This is a short proof of the lower bound on the problem.

You cannot do it better than linear time (in terms of array dimensions, not the number of elements). In the array below, each of the elements marked as * can be either 5 or 6 (independently of other ones). So if your target value is 6 (or 5) the algorithm needs to examine all of them.

1 2 3 4 *
2 3 4 * 7
3 4 * 7 8
4 * 7 8 9
* 7 8 9 10

Of course this expands to bigger arrays as well. This means that this answer is optimal.
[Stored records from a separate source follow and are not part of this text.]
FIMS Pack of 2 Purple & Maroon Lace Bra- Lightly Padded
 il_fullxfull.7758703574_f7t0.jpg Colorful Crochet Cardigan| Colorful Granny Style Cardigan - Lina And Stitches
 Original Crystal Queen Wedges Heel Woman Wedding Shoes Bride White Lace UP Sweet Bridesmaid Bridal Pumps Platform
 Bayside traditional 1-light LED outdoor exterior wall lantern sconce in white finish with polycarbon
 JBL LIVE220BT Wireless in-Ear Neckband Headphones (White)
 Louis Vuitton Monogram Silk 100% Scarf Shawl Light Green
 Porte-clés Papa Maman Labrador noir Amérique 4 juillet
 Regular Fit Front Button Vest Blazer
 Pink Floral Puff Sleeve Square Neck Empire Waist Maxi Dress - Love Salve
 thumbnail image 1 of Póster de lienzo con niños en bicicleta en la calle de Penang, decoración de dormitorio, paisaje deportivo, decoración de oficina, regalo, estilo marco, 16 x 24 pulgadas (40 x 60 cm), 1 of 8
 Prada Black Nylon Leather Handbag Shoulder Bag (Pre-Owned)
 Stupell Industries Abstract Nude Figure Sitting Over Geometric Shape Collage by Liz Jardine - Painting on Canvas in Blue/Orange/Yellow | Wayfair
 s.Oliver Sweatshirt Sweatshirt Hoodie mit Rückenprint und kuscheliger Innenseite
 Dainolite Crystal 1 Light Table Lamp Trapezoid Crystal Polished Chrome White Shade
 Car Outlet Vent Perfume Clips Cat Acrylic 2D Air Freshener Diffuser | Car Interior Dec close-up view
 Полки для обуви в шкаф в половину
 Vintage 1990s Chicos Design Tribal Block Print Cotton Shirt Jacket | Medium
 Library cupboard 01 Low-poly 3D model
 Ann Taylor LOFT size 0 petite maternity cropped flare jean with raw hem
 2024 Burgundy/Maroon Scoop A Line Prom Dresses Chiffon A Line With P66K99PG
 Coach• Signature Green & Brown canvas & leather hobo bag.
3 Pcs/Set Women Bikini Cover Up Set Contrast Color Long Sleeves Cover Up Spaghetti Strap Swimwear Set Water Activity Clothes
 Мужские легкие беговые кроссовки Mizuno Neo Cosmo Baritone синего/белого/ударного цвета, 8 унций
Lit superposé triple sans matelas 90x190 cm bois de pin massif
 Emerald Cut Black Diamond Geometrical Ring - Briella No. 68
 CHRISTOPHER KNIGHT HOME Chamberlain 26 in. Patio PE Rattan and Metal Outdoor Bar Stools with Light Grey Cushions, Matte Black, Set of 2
Update: As pointed out by Jeffrey L Whitledge, it is only optimal as the asymptotic lower bound on running time vs input data size (treated as a single variable). Running time treated as two-variable function on both array dimensions can be improved.

Rafał Dowgird
You have not demonstrated that that answer is optimal. Consider, for example, an array that's ten-across and one-million down in which the fifth row contains values all higher than the target value. In that case the proposed algorithm will do a linier search up 999,995 values before getting close to the target. A bifurcating algorithm like mine will only search 18 values before nearing the target. And it performs (asymtotically) no worse than the proposed algorithm in all other cases.
Jeffrey L Whitledge
@Jeffrey: It is a *lower bound* on the problem for the pessimistic case. You can optimize for good inputs, but there exist inputs where you cannot do better than linear.
Rafał Dowgird
@Rafał Dowgird - Yes, there do exist inputs where you cannot do better than linear. In which case my algorithm performs that linear search. But there are other inputs where you can do *way* better than linear. Thus the proposed solution is not optimal, since it always does a linear search.
Jeffrey L Whitledge
This shows the algorithm must take BigOmega(min(n,m)) time, not BigOmega(n+m). That's why you can do much better when one dimension is significantly smaller. For example, if you know there will only be 1 row, you can solve the problem in logarithmic time. I think an optimal algorithm will take time O(min(n+m, n lg m, m lg n)).
Strilanc
Updated the answer accordingly.
Rafał Dowgird
+1  A: 

EDIT:

I misunderstood the question. As the comments point out this only works in the more restricted case.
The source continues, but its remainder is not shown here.